(TASK): Since the listing below shows pictures, leave them out and write out exactly the lines from the line with "2024 New Olive" to the line with "porsche 2003 (996", both included, and no others.

=== EXTRACTED MATERIAL ===

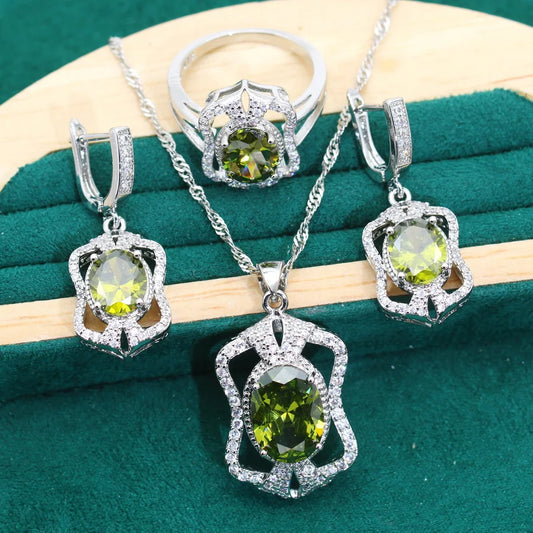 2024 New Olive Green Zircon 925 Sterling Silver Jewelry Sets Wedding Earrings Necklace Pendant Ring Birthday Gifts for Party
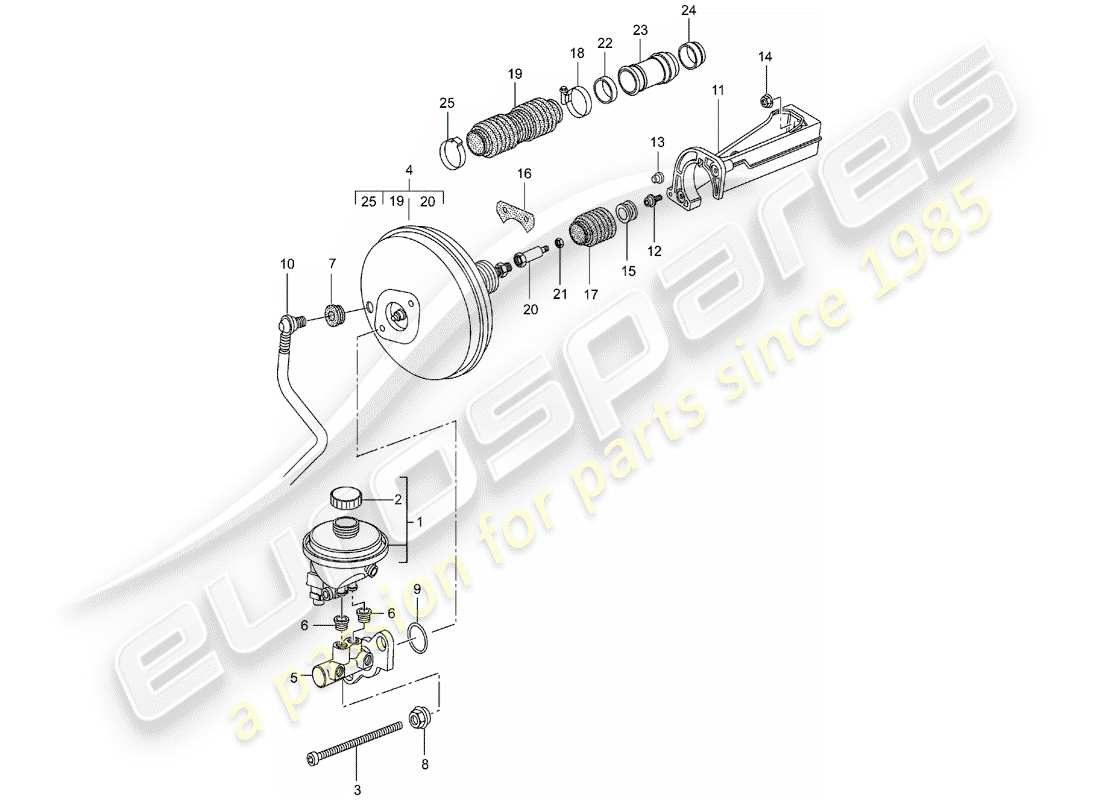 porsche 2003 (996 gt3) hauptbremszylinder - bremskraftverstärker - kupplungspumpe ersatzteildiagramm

===
=== EXTRACTED MATERIAL ===

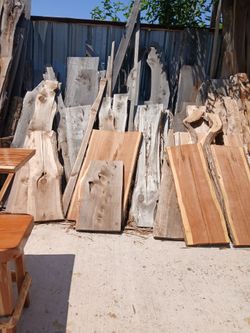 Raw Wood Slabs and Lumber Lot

===

(RESPONSE):
 2024 New Olive Green Zircon 925 Sterling Silver Jewelry Sets Wedding Earrings Necklace Pendant Ring Birthday Gifts for Party
 porsche 2003 (996 gt3) hauptbremszylinder - bremskraftverstärker - kupplungspumpe ersatzteildiagramm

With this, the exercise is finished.